Они уже и не ждали, что кто-нибудь посватается к Армиде – в свои двадцать семь она могла надеяться лишь на вдовцов и разведенных. Девятнадцатилетняя Дженни была самой хорошенькой из сестер, однако слишком застенчивой и меланхоличной. Джулия, которой исполнилось пятнадцать, взбалмошная и капризная, к замужеству была совершенно не готова, сделай ей кто-либо предложение. Альве казалось, что сестры распяли ее своими надеждами, как биолог распяливает лягушку на дощечке.
Альва наблюдала за Уильямом. Стройный, высокий, с серо-голубыми глазами и румяными щеками. Его волосы золотились в солнечном свете. По сути, он и есть «золотой мальчик». Альва и впрямь получила награду.
Уильям продолжил:
– Если вы свободны, лучше прийти в четверг. Там будут три моих сестры и Элис – жена Корнеля. И еще Джордж. Ему нет и двенадцати, но мать его балует. Вы, конечно, понимаете, как всем не терпится с вами познакомиться.
– Это взаимно. Прямо сейчас отправлю ей записку. – Альва подошла к столу и велела Джулии уйти.
– Зачем мне уходить? – спросила Джулия, не двигаясь с места.
– Потому что я прошу.
– Ты не просишь, ты командуешь.
– Оставь нас, пожалуйста, – ласково произнесла Альва.
Джулия взглянула на Уильяма:
– Вы настаиваете?
– Иди же, – сказала Альва. – Вот поэтому мне и приходится командовать.
Уильям с улыбкой наблюдал, как Джулия ушла, надув губы.
– Так вот, – сказал он, продолжая разговор, пока Альва писала записку. – Давайте подумаем. Вы можете принести оранжевые лилейники. Они сейчас цветут? Или фиалки. Их она тоже любит. Должен вас предупредить – вы не из тех, кого она выбрала бы для меня. Сейчас она решила оставить светскую жизнь и ищет общества таких же спокойных людей. Но вы ей все равно понравитесь.
– Я уверена, что она мне понравится. И все остальные тоже.
Уильям принялся мерить шагами небольшое пространство между столом и дверью.

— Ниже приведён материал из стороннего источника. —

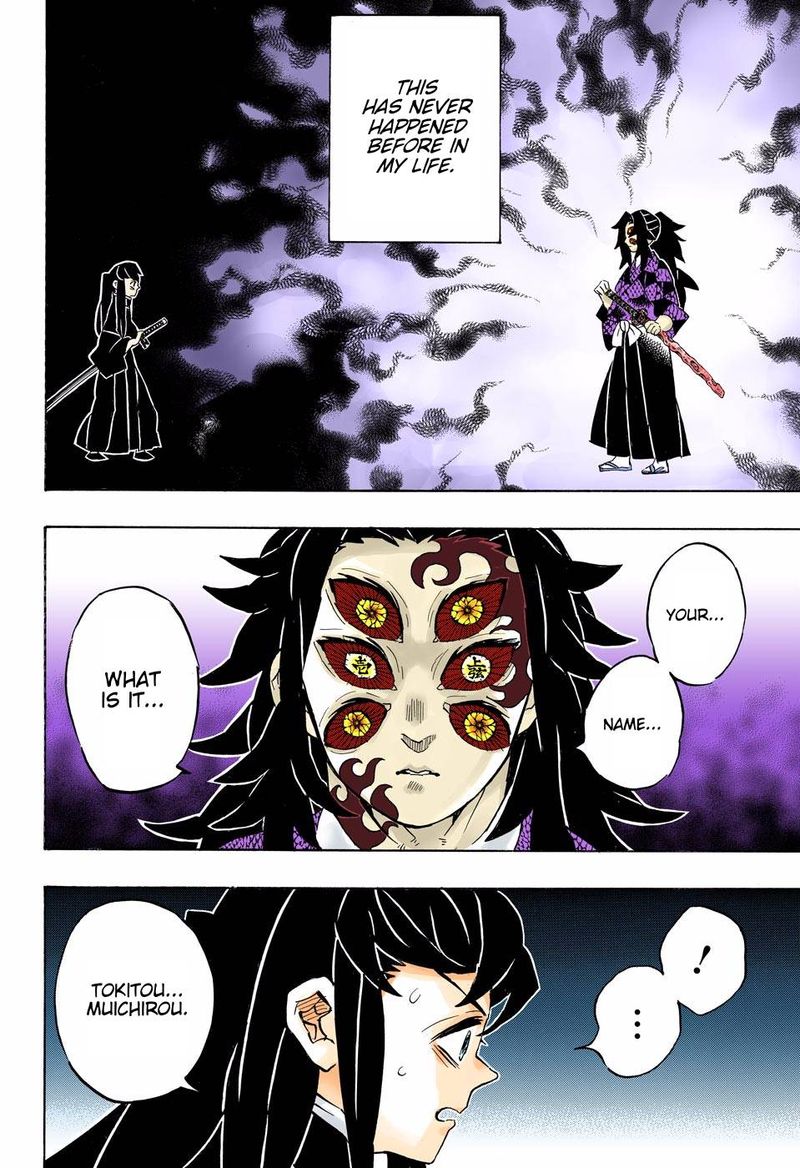 Chapter 165 (Image 4)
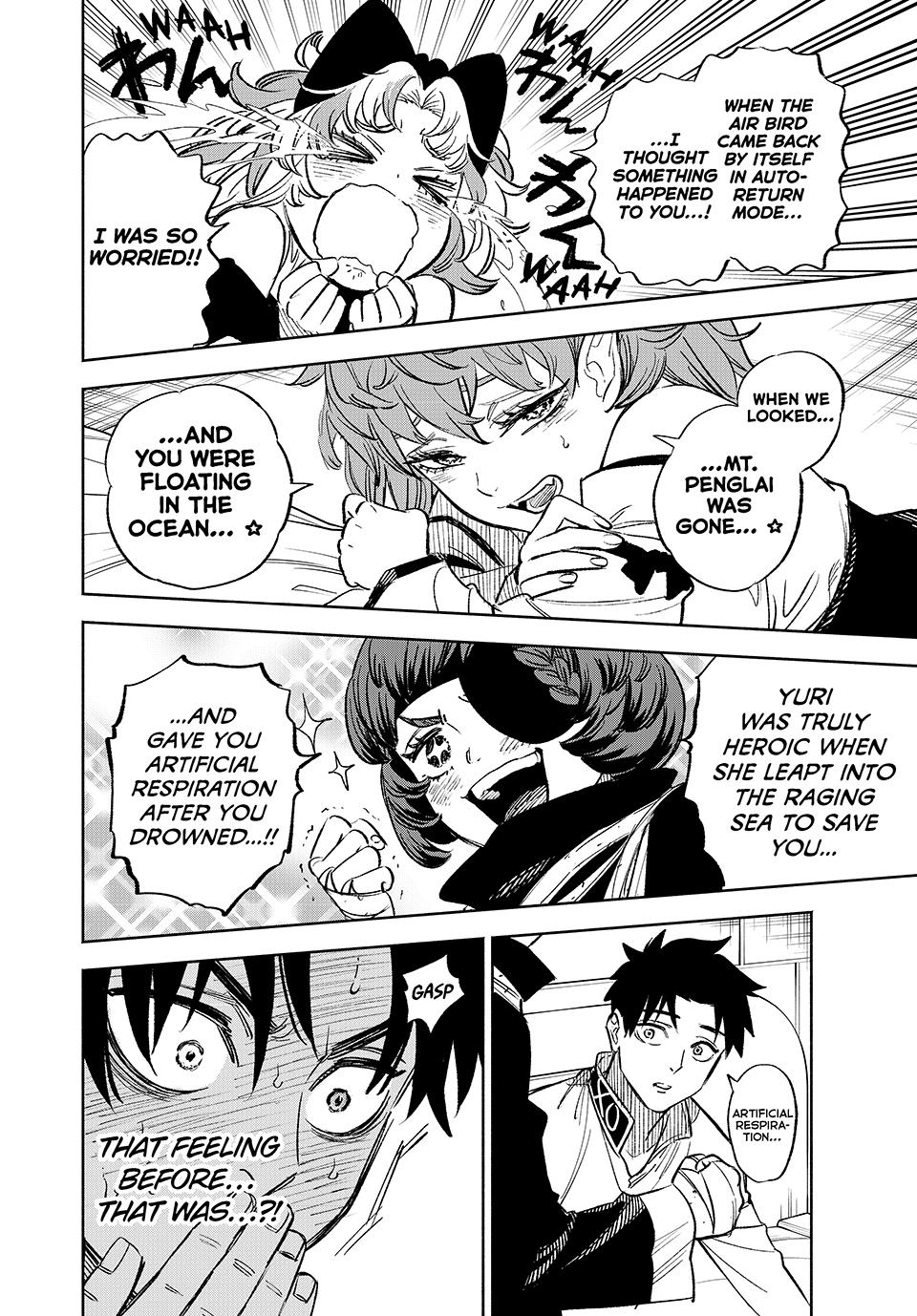 The Unfavorable Job [Appraiser] is Actually the Strongest chapter 99 page 10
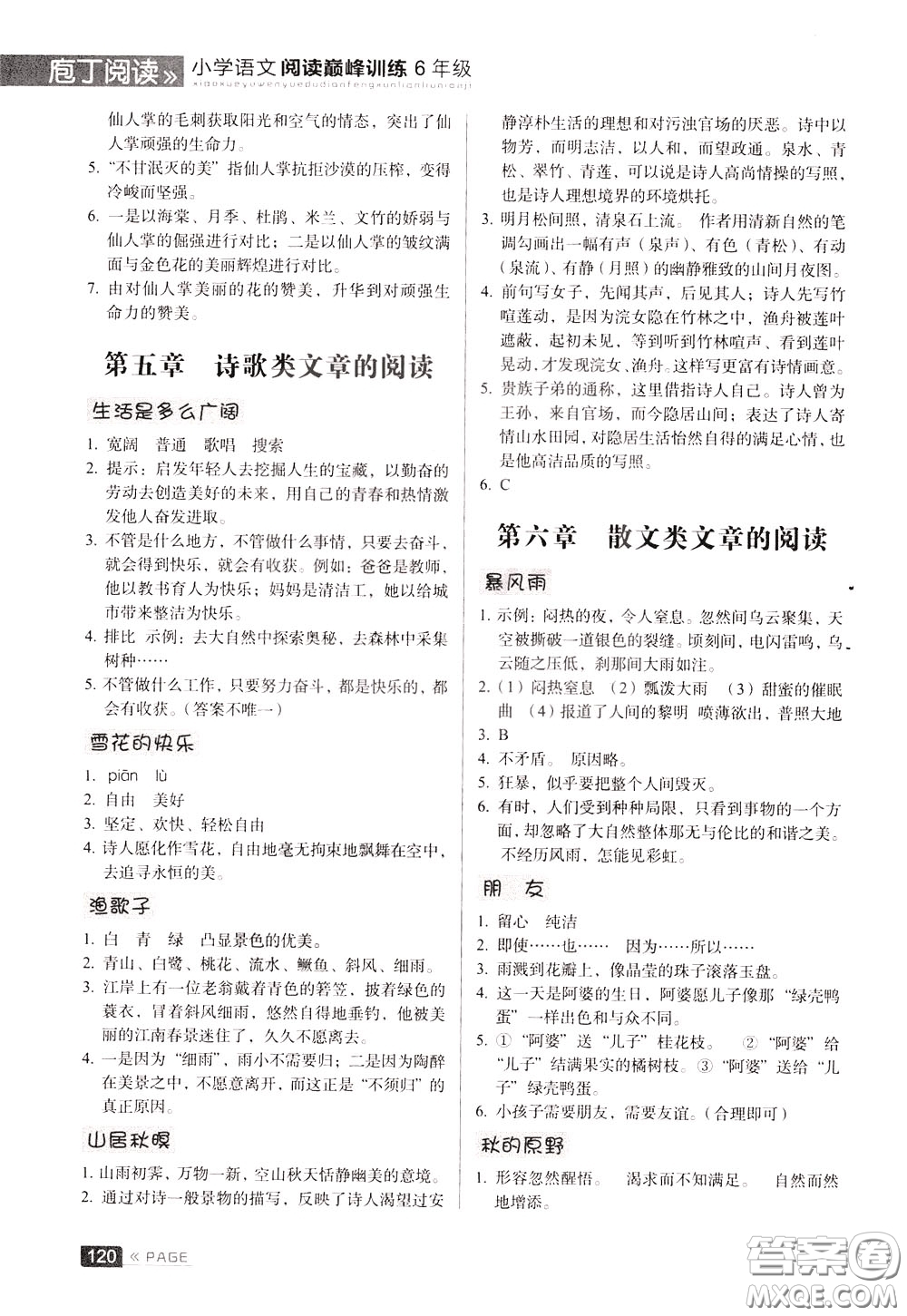 2020年庖丁閱讀小學語文閱讀巔峰訓練6年級文體版參考答案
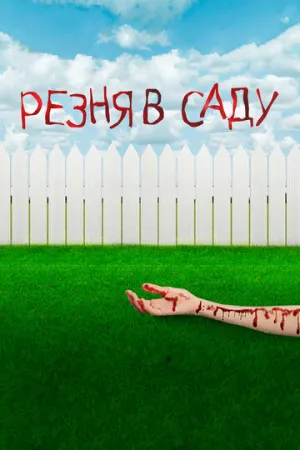 Резня в саду (2017)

– Да, еще – она любит оперу. Они с отцом берут Флоренс, Лилу и Джорджа на каждое представление. Можете упомянуть постановки, которые видели.
– Опера, – кивнула Альва. – Хорошо. Я…
– Хотя нет, лучше вообще не говорите об опере.
– Почему же?
– Чувствительная тема. В Академии[16] отказываются продать моему отцу ложу. Называют военным спекулянтом, хотя охотно принимали его пожертвования и сами неплохо нажились на войне, – Ульям повернулся к ней: – Прошу прощения. Я не хотел так злиться.
– Что вы, я совершенно с вами согласна – такое отношение с их стороны ничем не оправдано.
– Но это так расстраивает отца, а вместе с ним и мать…
– Значит, я не буду упоминать оперу.
– Если, конечно, у вас нет возможности как-то помочь им решить эту проблему.
Возможности у Альвы не было.
– Может быть, – сказала она. – Я подумаю об этом.